Learn more: research the available federal programs and voluntary market options. Stay updated through resources like OSCIA, OFA, and agricultural publications, including the Ontario Grain Farmer Magazine.

Assess your practices: evaluate which new, eligible practices might fit your operation and long-term goals.

Consider OFCAF: explore the On-Farm Climate Action Fund as a way to get cost-share support for adopting beneficial practices like cover cropping and nitrogen management.

Before signing any contracts: read the contract and supplemental information thoroughly, noting any sustainability-related requirements. Talk to advisors about potential opportunities and risks with trusted farm advisors, agronomists, and potentially, legal counsel. While not legal advice, Grain Farmers of Ontario’s Grains Contracts Guide provides some foundational insights on contracts.
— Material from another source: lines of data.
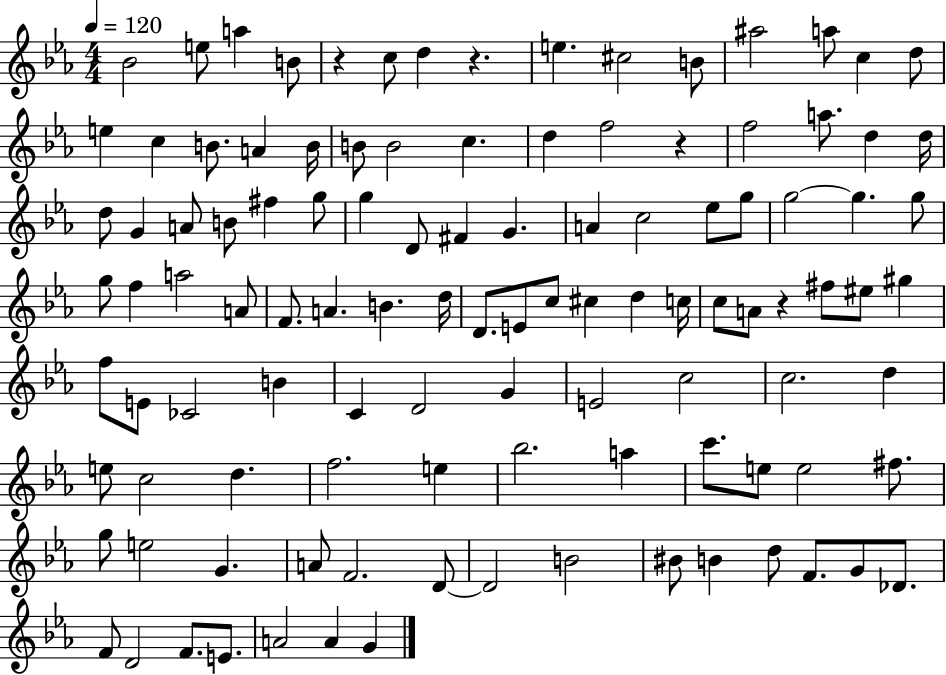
{
  \clef treble
  \numericTimeSignature
  \time 4/4
  \key ees \major
  \tempo 4 = 120
  bes'2 e''8 a''4 b'8 | r4 c''8 d''4 r4. | e''4. cis''2 b'8 | ais''2 a''8 c''4 d''8 | \break e''4 c''4 b'8. a'4 b'16 | b'8 b'2 c''4. | d''4 f''2 r4 | f''2 a''8. d''4 d''16 | \break d''8 g'4 a'8 b'8 fis''4 g''8 | g''4 d'8 fis'4 g'4. | a'4 c''2 ees''8 g''8 | g''2~~ g''4. g''8 | \break g''8 f''4 a''2 a'8 | f'8. a'4. b'4. d''16 | d'8. e'8 c''8 cis''4 d''4 c''16 | c''8 a'8 r4 fis''8 eis''8 gis''4 | \break f''8 e'8 ces'2 b'4 | c'4 d'2 g'4 | e'2 c''2 | c''2. d''4 | \break e''8 c''2 d''4. | f''2. e''4 | bes''2. a''4 | c'''8. e''8 e''2 fis''8. | \break g''8 e''2 g'4. | a'8 f'2. d'8~~ | d'2 b'2 | bis'8 b'4 d''8 f'8. g'8 des'8. | \break f'8 d'2 f'8. e'8. | a'2 a'4 g'4 | \bar "|."
}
Ask questions: if you are considering working with an aggregator or program, ask detailed questions about additionality, permanence, measurement, verification, data ownership, contract terms, and payment structure.

Carbon markets may offer future opportunities for Ontario grain farmers, but careful evaluation and understanding of the commitments involved are essential. Focusing on practices that build soil health and resilience, potentially with support from programs like OFCAF, is a solid foundation regardless of direct participation in carbon markets today.

Ibrahim Mohammed, PhD, is Grain Farmers of Ontario’s sustainability and environment specialist.